◆ Problem to solve ◆
Retype, exactly as they appear below, the lines between the line holding "Više od 1700" and the line holding "lot 250 image: Milwaukee", both ends included.

◆ Material for this task ◆
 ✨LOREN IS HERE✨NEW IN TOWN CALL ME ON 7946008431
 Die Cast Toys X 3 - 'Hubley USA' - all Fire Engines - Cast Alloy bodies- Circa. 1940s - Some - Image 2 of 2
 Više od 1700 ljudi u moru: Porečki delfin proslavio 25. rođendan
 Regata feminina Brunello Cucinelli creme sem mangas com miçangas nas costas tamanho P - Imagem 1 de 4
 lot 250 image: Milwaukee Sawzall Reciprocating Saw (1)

==

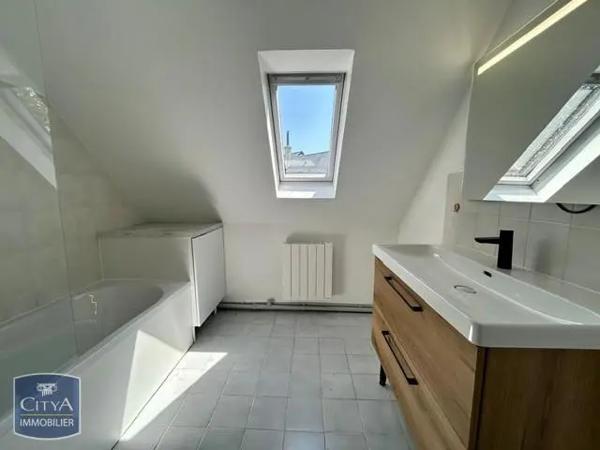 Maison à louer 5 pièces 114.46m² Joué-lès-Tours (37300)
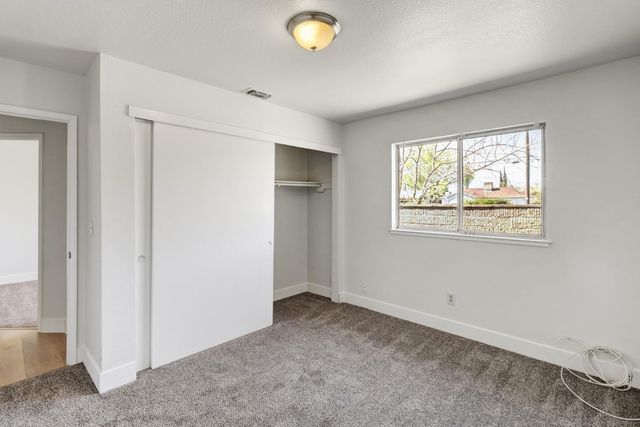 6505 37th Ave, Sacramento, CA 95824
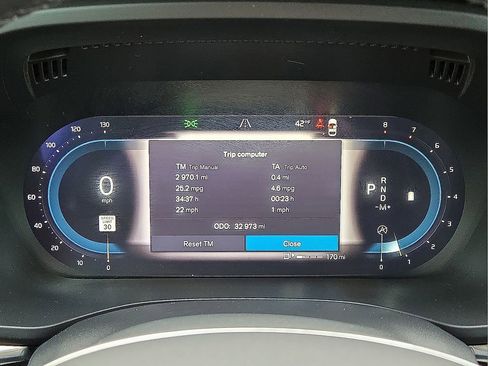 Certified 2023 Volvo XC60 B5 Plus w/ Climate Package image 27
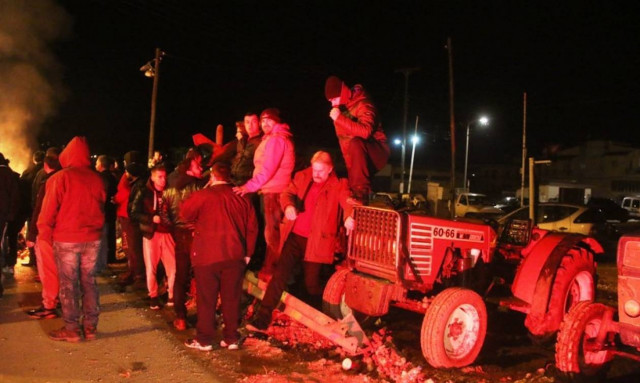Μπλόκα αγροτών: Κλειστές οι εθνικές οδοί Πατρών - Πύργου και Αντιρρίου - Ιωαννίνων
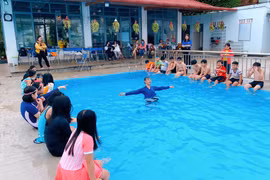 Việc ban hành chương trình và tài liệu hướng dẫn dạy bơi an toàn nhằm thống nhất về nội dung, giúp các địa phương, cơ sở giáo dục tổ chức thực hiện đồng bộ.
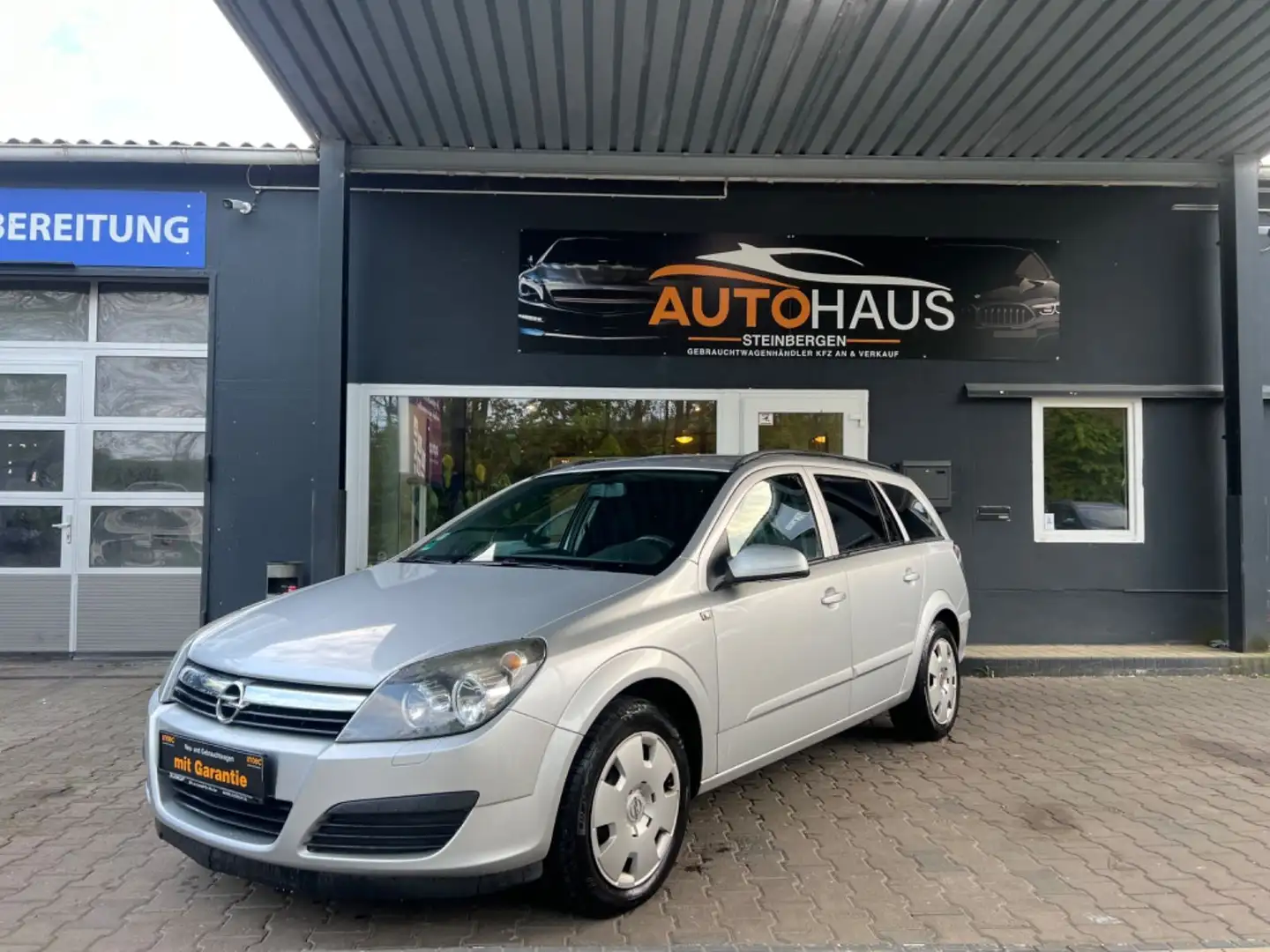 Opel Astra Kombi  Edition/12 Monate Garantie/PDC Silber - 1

==

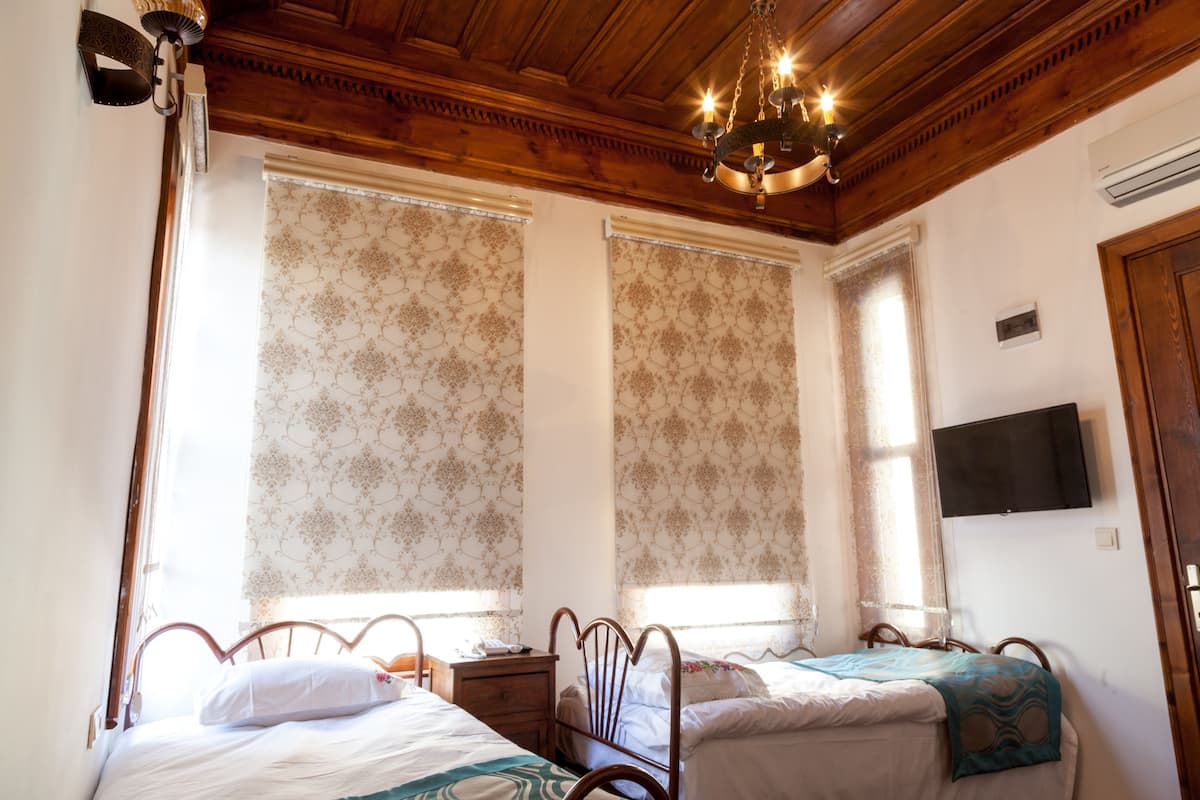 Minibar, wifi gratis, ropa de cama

◆ Result for this task ◆
 Više od 1700 ljudi u moru: Porečki delfin proslavio 25. rođendan
 Regata feminina Brunello Cucinelli creme sem mangas com miçangas nas costas tamanho P - Imagem 1 de 4
 lot 250 image: Milwaukee Sawzall Reciprocating Saw (1)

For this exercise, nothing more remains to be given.